Issue: 6.08 9/9/2005
by: Richard H. Schwartz, Ph.D.
Rosh Hashanah and Vegetarianism

Rosh Hashanah is the time when Jews take stock of their lives and consider new beginnings. Perhaps the most significant and meaningful change that Jews should consider this year is a shift away from diets that have been having devastating effects on human health and the health of our increasingly imperiled planet. While many Jews seem to feel that the holiday's celebration can be enhanced by the consumption of chopped liver, gefilte fish, chicken soup, and roast chicken, there are many inconsistencies between the values of Rosh Hashanah and the realities of animal-centered diets:

1. While Jews ask God on Rosh Hashanah for a healthy year, non-vegetarian diets have been linked to heart disease, strokes, several forms of cancer, and other illnesses. While we implore "our Father, our King" on Rosh Hashanah to "keep the plague from thy people", high fat, meat-based diets are causing a plague of degenerative diseases that have led to soaring health care costs.

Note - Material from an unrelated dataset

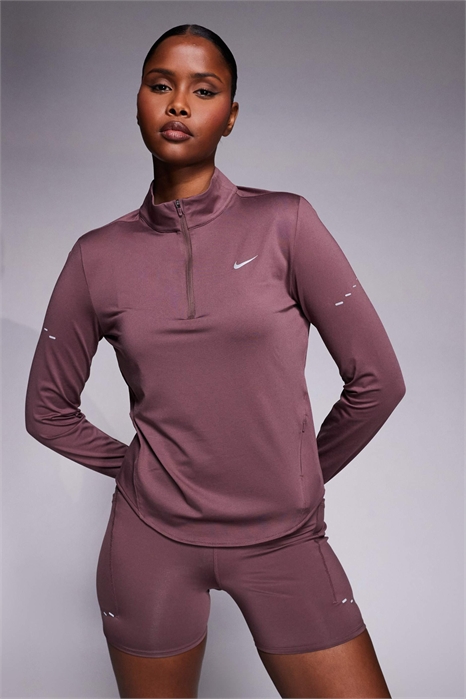 Футболка Swift Dri-FIT с длинным рукавом и полузастежкой-молнией артикул 149998027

2. While Jews pray on the Jewish New Year that God "remove pestilence, sword, and famine", over 70% of the grain grown in the United States is fed to animals destined for slaughter, as 20 million people die annually because of hunger and its effects. Animal-centered diets, by wasting valuable resources, help to perpetuate the widespread hunger and poverty that often lead to instability and war.

3. While Jews commemorate the creation of the world on Rosh Hashanah, livestock agriculture is a major contributor to many global threats, such as soil erosion and depletion, air and water pollution related to the production and use of pesticides and chemical fertilizer, the destruction of tropical rain forests and other habitats, and global climate change.

4. While Jews pray on Rosh Hashanah for God's compassion during the coming year, many Jews, as well as most other people, partake in a diet that involves animals being raised for food under cruel conditions, in crowded, confined cells, where they are denied fresh air, exercise, and any emotional stimulation.

5. While Judaism teaches that people's fate for the new year is written on Rosh Hashanah and sealed on Yom Kippur and that repentance, prayer, and charity can cancel a stern decree, the fate of farm animals is determined before they are born and there is no way they can change it. While the Torah and Prophetic readings on Rosh Hashanah describe the great joy of both Sarah and Hannah after they were blessed with sons after it seemed that both were destined to be barren, animal-based diets require the taking of animal babies from their mothers after only one day of nursing, to spend the rest of their lives in small, confined spaces where they are fattened up for slaughter.

6. While Rosh Hashanah is a time when we are to "awake from our slumber"
and mend our ways, the consumption of meat on Rosh Hashanah means that we are continuing the habits that are so detrimental to our health, to animals, to hungry people, and to ecosystems. While we symbolically cast away our sins at tashlich during Rosh Hashanah, the eating of meat means a continuation of the "sins" associated with our diets, with regard to treatment of animals, protecting our health, polluting the environment, and wasting food and other resources. While Rosh Hashanah is meant to be a time of deep contemplation when we carefully examine our deeds, most meat eaters ignore the many moral issues related to their diets.

7. While we speak of God’s "delighting in life" on Rosh Hashanah, the standard American diet annually involves deaths of billions of animals, as well as many human deaths, due to insufficient food in poor countries and too much rich food in the wealthy countries.

8. While Rosh Hashanah has a universal message and involves the prayer that "all the world's people shall come to serve (God)", many of the world's people suffer from chronic hunger which denies them the necessary strength and will for devotion, while meat and fish from the choicest land and most bountiful waters of their countries is exported to meet dietary demands in the United States and other developed countries.

9. While Rosh Hashanah is a time of joy (along with sincere meditation), animals on factory farms never have a pleasant day, and millions of people throughout the world are too involved in worrying about their next meal to be able to experience many joyous moments.

In view of these and other apparent contradictions, I hope that Jews will enhance their celebrations of the beautiful and spiritually meaningful holiday of Rosh Hashanah by making it a time to begin striving even harder to live up to Judaism's highest moral values and teachings by moving toward a vegetarian diet.